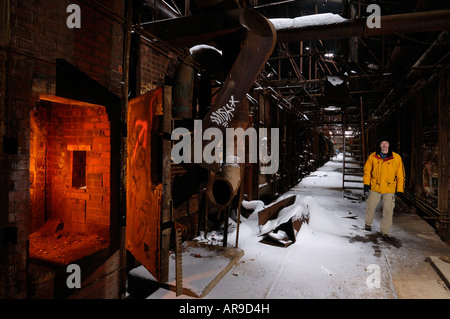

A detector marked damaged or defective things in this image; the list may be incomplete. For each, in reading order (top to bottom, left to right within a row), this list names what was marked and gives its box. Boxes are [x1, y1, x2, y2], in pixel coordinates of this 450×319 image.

rusted metal duct [276, 10, 450, 42]
rusted metal duct [171, 50, 194, 119]
rusty metal panel [125, 88, 163, 282]
rusted metal duct [207, 164, 241, 206]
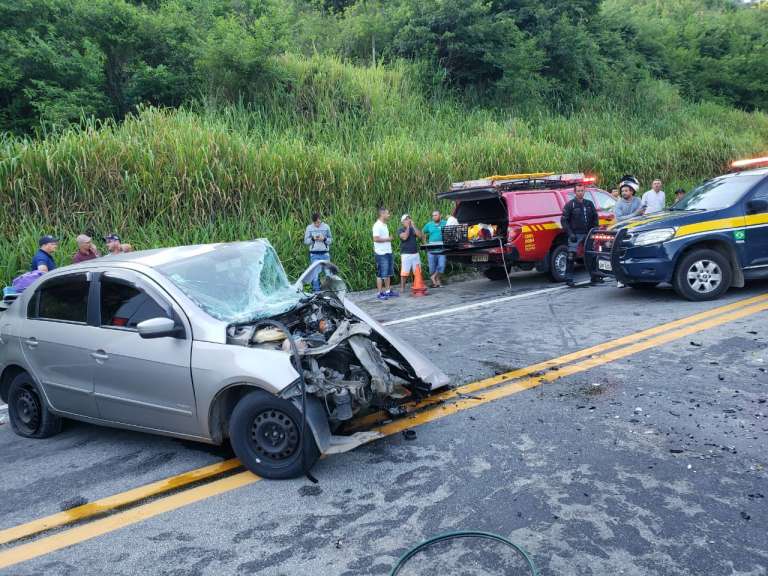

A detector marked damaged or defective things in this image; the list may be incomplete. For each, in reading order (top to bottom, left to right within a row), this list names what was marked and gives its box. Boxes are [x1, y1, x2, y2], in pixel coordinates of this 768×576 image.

shattered windshield [156, 242, 300, 324]
severely damaged silver sedan [0, 241, 450, 480]
crushed car hood [340, 296, 450, 392]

******

=== AIM OF THE EXERCISE ===
Repeat all the records exactly, images excluded.

=== EXERCISE ANSWER ===
A detector marked damaged or defective things in this image; the list may be incomplete. For each, in reading order (top to bottom, left to right within a row), this list names what was marked and gives its box. Boxes are [x1, y1, x2, y2], in pixel coordinates of this 450×319 image.

rusted metal duct [276, 10, 450, 42]
rusted metal duct [171, 50, 194, 119]
rusty metal panel [125, 88, 163, 282]
rusted metal duct [207, 164, 241, 206]

A detector marked damaged or defective things in this image; the list may be incomplete. For each, in reading order (top to bottom, left to right within a row), this list names what was marked and gives its box. Boxes are [x1, y1, x2, y2], in pixel coordinates of this 768×576 image.

shattered windshield [156, 242, 300, 324]
severely damaged silver sedan [0, 241, 450, 480]
crushed car hood [340, 296, 450, 392]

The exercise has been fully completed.